**RECORDS PROVIDED:**
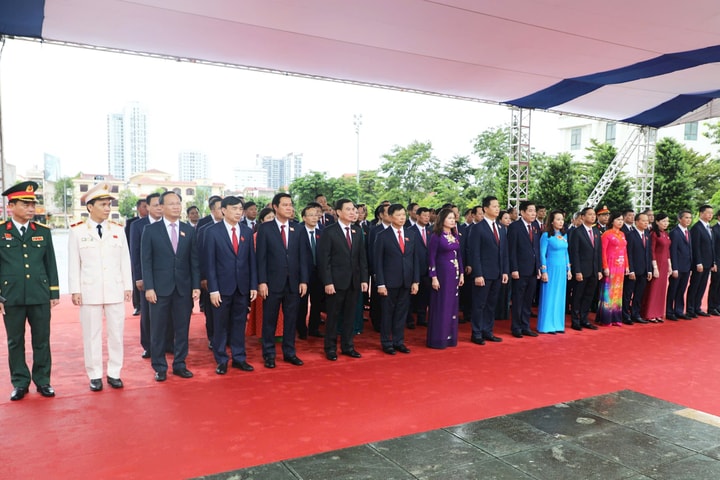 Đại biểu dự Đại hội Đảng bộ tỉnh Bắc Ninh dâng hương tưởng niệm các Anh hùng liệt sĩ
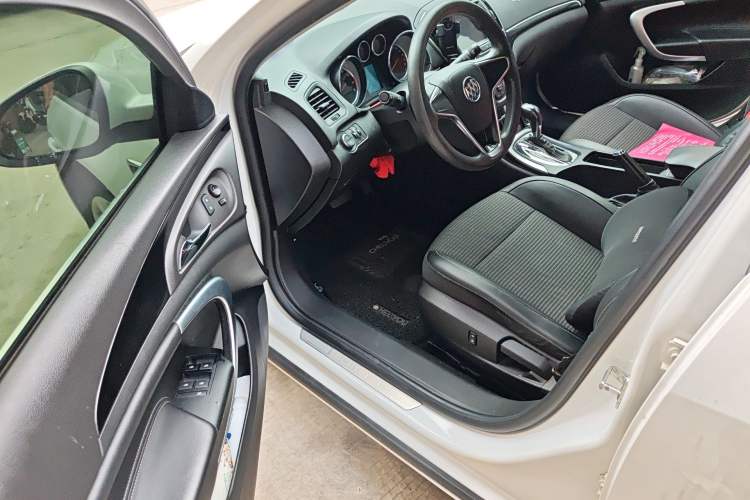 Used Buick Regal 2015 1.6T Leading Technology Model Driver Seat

* * *

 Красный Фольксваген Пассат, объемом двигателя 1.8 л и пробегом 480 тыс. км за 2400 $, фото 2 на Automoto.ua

**ABOUT THIS TASK:** Please output the lines above beginning at the line with "Đại biểu dự" and ending after the line with "Used Buick Regal", precisely as written and with no pictures.

**EXPECTED ANSWER:**
 Đại biểu dự Đại hội Đảng bộ tỉnh Bắc Ninh dâng hương tưởng niệm các Anh hùng liệt sĩ
 Used Buick Regal 2015 1.6T Leading Technology Model Driver Seat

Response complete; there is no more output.